Goldendale, United States

This morning was going to start with a quick trip to the Old Idaho Penitentiary Museum followed by a long drive to southern Washington. When I arrived at the penitentiary I found that they were on winter hours, noon to 5pm. I had about 2 hours before they opened. I was about to leave when I noticed a small Mining Museum next door. So I went in to kill some time. When I signed in the woman working the museum asked where I was from. Come to find out, she was from Brewerton; her family built and operates the Fort Brewerton Blockhouse Museum. We ended up talking for close to an hour. Then I went over to the woman’s prison and looked around there, still I had 45 minutes to wait, and a long drive ahead of me. I got in my car to leave and drove a few blocks to a gas station. Filled the tank and got ready to hit the road. Fifteen more minuets till the pen opened. I drove back and took the quick tour. It was worth the wait. I got on the road about 1:30pm. Fortunately I would be crossing back into the Pacific Time zone, gaining an extra hour.
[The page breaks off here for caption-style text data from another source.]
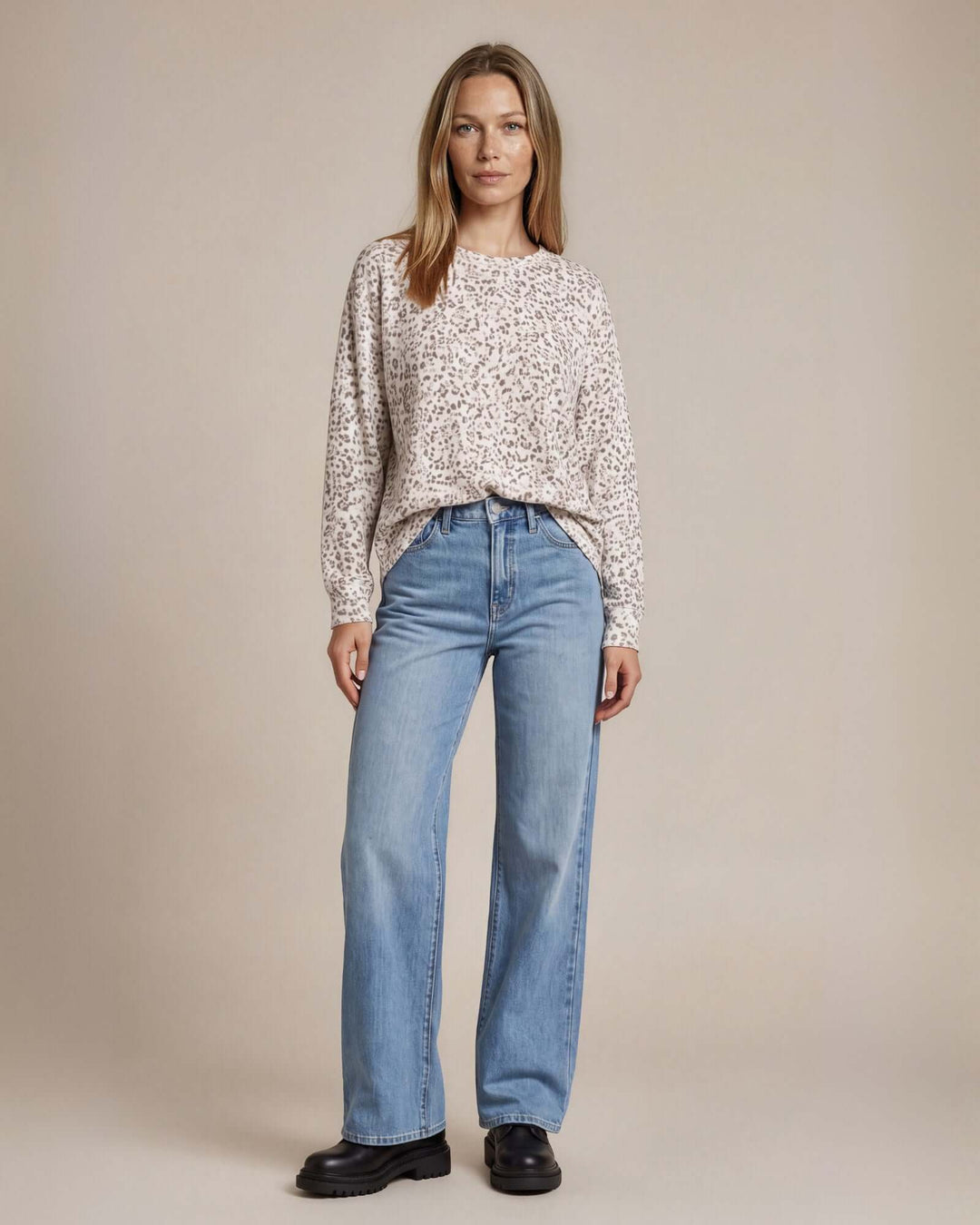 Made in USA Amelia Animal Print Oversized Sweatshirt: full-length view front-tucked into jeans with loafers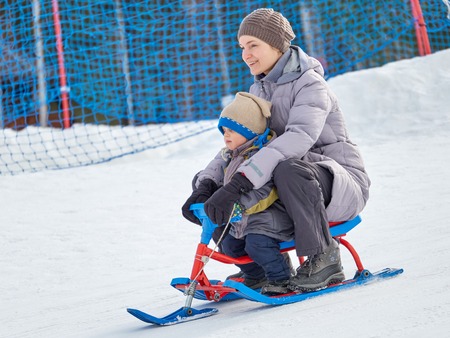 In winter, happy mom and son (3 years old) ride a snow scooter from the mountain in pure white snow.の写真素材
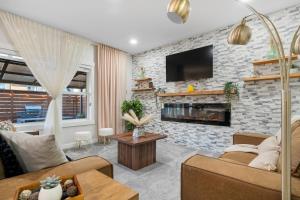 a living room with a brick wall with a fireplace at The Copperleaf Luxury Retreat with Hot tub in Calgary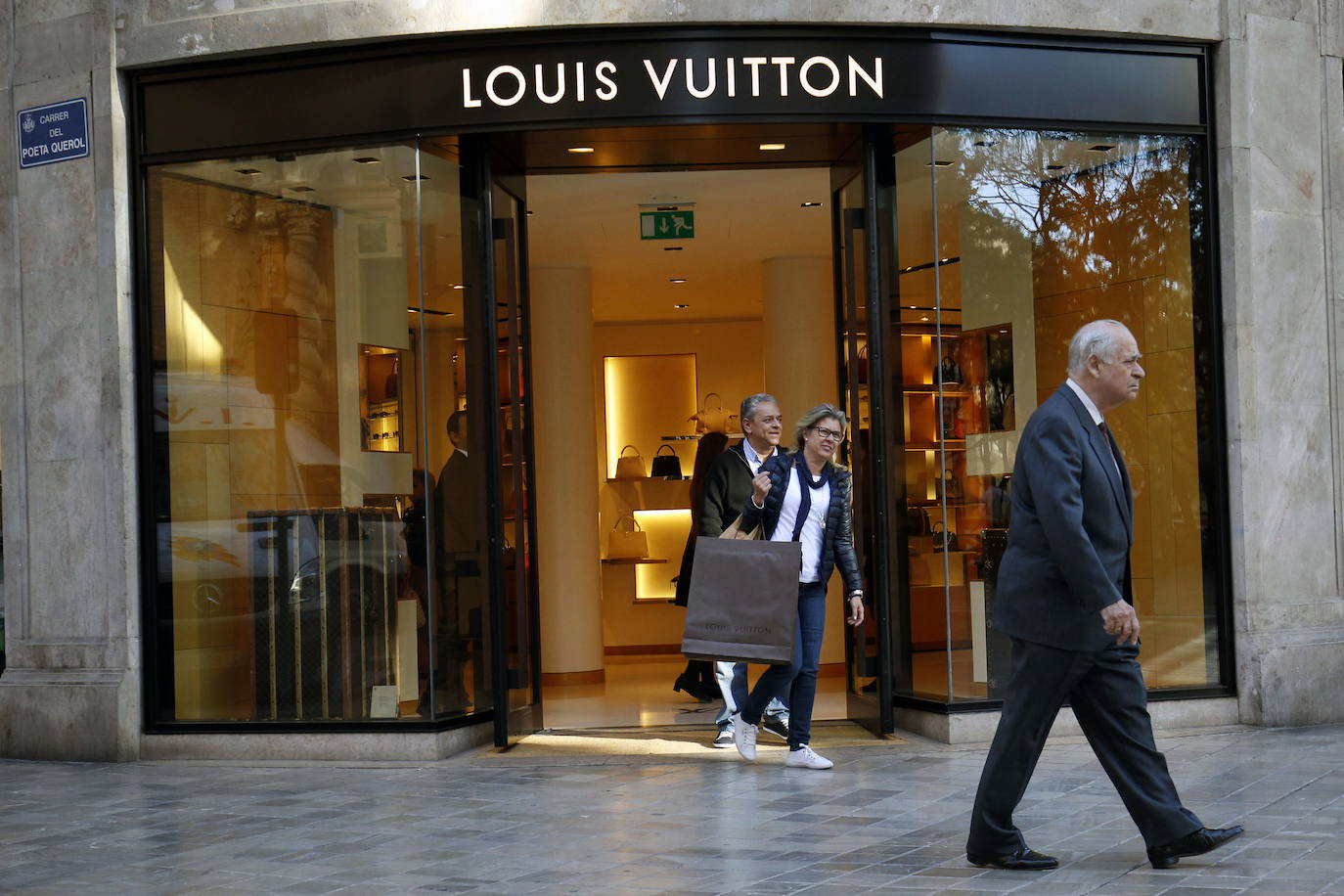 Una pareja sale de la antigua tienda de Louis Vuitton en Valencia con una bolsa sin logo, en una fotografía de 2016.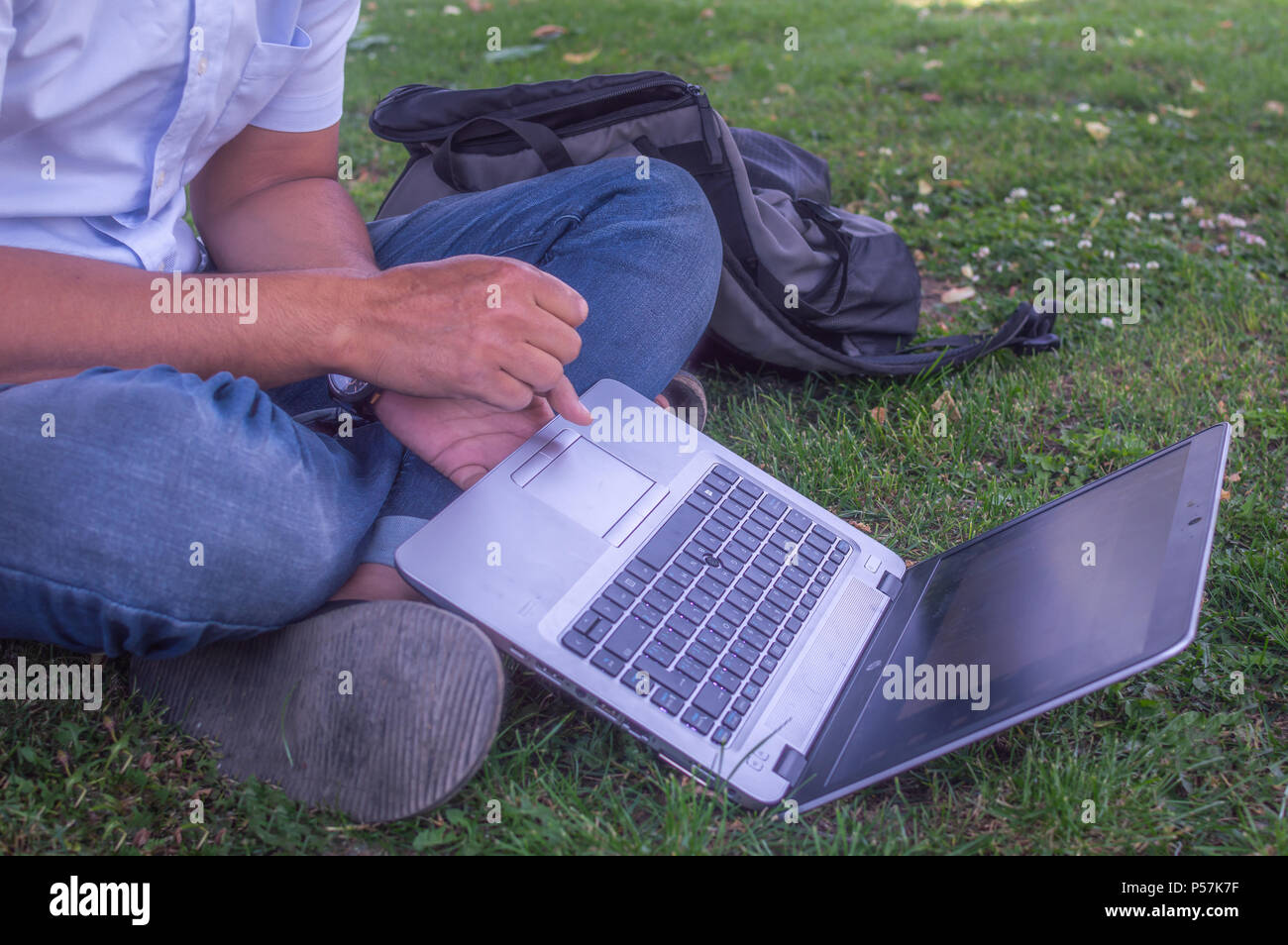 Eine Person mit seinem Laptop und dabei einige Arbeit in einer Wiese oder Garten. Stockfoto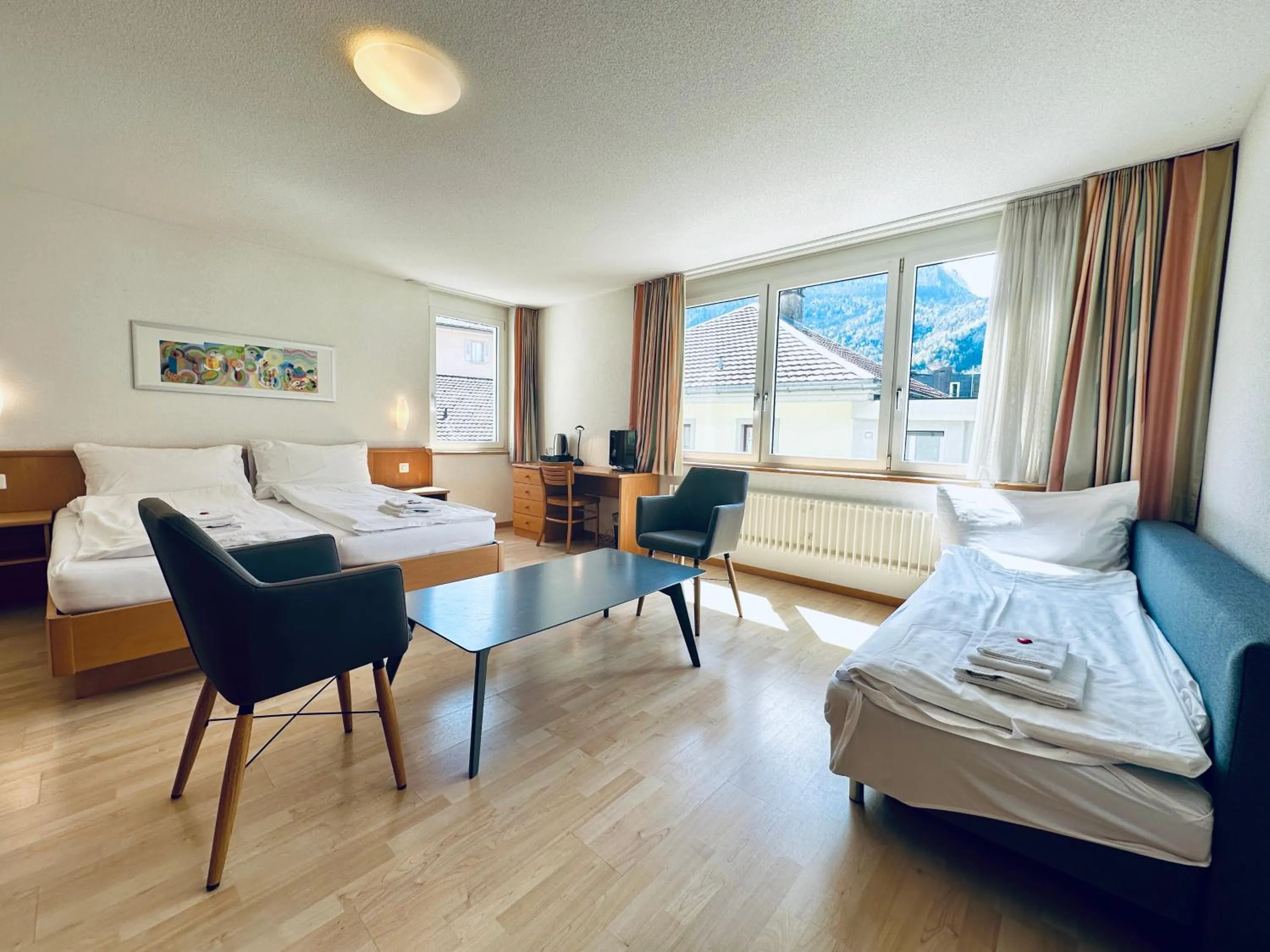 Bed in Hotel Rebstock Meiringen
My next stop was the granddaddy of all henges, The Sam Hill Stonehenge in Maryhill, WA. Is probably the first of all the "Clonehenges". But Sam didn't just build this to attract attention. While Sam was in England during WWI he saw the original Stonehenge and was told that it was used for human sacrifices. He remarked "humanity is still being sacrificed to the god of war." After returning home from the war, Sam wanted to pay tribute to the 13 men from the area that did not return home. He didn't want their sacrifice to go unnoticed. That thought reminded him of Stonehenge. On the pillars within the circular structure are 13 bronze plaques with the names of those 13 men. Sam completed this memorial in 1929. This is considered to be the first memorial to WWI solders in the United States.